• Your objective
From the data that follows, print exactly the lines starting at the one containing "read full article." and ending at the one containing "Wera - 899/4/1"; include both of them and nothing more.

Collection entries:
BEGIN
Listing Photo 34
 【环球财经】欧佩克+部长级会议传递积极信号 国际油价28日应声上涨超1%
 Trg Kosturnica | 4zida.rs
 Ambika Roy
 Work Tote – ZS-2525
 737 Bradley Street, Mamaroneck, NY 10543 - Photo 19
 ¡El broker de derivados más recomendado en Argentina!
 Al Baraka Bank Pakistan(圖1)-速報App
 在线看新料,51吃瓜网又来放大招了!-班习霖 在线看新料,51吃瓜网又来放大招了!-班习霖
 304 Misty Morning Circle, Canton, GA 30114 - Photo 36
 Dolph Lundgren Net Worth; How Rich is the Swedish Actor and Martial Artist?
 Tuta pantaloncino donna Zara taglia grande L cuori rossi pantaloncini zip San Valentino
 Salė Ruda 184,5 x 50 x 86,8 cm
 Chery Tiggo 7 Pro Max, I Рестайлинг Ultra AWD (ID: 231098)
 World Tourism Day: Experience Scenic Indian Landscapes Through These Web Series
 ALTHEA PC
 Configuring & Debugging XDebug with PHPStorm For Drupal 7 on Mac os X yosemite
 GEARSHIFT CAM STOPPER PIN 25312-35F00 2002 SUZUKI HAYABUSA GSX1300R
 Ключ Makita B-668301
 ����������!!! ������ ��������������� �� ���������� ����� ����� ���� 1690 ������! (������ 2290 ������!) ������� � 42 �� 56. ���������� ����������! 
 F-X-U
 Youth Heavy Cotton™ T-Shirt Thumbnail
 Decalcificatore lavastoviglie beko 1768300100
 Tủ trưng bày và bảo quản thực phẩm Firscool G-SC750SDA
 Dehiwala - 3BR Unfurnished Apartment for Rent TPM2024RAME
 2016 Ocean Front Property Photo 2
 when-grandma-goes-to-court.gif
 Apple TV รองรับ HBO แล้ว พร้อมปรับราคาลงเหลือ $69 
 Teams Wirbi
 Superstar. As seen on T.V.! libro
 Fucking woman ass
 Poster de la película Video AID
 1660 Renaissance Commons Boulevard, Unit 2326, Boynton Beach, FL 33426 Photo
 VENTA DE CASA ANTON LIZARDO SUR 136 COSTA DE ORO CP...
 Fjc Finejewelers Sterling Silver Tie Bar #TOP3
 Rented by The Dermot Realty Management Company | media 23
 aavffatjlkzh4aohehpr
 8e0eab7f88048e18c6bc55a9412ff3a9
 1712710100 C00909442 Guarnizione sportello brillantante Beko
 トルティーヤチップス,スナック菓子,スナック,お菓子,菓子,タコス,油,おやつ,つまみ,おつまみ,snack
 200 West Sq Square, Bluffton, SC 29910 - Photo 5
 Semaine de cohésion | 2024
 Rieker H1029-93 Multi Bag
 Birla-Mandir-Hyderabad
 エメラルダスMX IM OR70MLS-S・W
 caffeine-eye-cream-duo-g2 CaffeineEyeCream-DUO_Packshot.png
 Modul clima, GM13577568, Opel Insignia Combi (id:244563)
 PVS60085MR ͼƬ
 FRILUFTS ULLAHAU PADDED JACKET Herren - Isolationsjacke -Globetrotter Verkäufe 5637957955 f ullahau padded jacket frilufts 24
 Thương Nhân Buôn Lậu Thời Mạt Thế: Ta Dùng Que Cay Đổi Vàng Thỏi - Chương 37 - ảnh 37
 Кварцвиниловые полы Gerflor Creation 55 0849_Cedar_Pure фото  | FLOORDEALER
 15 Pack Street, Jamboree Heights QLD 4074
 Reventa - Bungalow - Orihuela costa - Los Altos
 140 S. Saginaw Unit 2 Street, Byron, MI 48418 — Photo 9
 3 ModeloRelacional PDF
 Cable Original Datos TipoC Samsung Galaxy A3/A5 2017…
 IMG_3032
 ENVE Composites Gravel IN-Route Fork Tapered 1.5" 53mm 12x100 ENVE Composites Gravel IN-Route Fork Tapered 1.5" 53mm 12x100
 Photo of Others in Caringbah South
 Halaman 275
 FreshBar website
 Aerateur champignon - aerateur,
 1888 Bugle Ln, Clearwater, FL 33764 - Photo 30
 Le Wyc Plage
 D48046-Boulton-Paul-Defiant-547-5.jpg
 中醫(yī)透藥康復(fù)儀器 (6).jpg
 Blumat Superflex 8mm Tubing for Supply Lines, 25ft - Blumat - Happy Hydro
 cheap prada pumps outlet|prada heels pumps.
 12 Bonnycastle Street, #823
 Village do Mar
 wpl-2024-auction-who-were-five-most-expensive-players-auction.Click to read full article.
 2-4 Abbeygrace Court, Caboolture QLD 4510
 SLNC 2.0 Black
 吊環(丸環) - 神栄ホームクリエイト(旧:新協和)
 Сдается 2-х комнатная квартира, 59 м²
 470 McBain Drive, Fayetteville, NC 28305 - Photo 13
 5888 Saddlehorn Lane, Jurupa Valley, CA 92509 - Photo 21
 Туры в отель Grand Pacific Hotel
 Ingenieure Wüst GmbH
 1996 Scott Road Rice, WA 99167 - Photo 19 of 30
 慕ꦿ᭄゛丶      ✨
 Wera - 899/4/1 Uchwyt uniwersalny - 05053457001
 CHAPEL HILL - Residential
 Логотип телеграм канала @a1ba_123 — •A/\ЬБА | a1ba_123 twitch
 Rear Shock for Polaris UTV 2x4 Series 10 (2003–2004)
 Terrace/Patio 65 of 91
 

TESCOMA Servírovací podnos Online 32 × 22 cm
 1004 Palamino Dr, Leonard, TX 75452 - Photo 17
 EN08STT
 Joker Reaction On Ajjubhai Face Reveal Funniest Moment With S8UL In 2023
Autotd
END
• Answer to the problem
 wpl-2024-auction-who-were-five-most-expensive-players-auction.Click to read full article.
 2-4 Abbeygrace Court, Caboolture QLD 4510
 SLNC 2.0 Black
 吊環(丸環) - 神栄ホームクリエイト(旧:新協和)
 Сдается 2-х комнатная квартира, 59 м²
 470 McBain Drive, Fayetteville, NC 28305 - Photo 13
 5888 Saddlehorn Lane, Jurupa Valley, CA 92509 - Photo 21
 Туры в отель Grand Pacific Hotel
 Ingenieure Wüst GmbH
 1996 Scott Road Rice, WA 99167 - Photo 19 of 30
 慕ꦿ᭄゛丶      ✨
 Wera - 899/4/1 Uchwyt uniwersalny - 05053457001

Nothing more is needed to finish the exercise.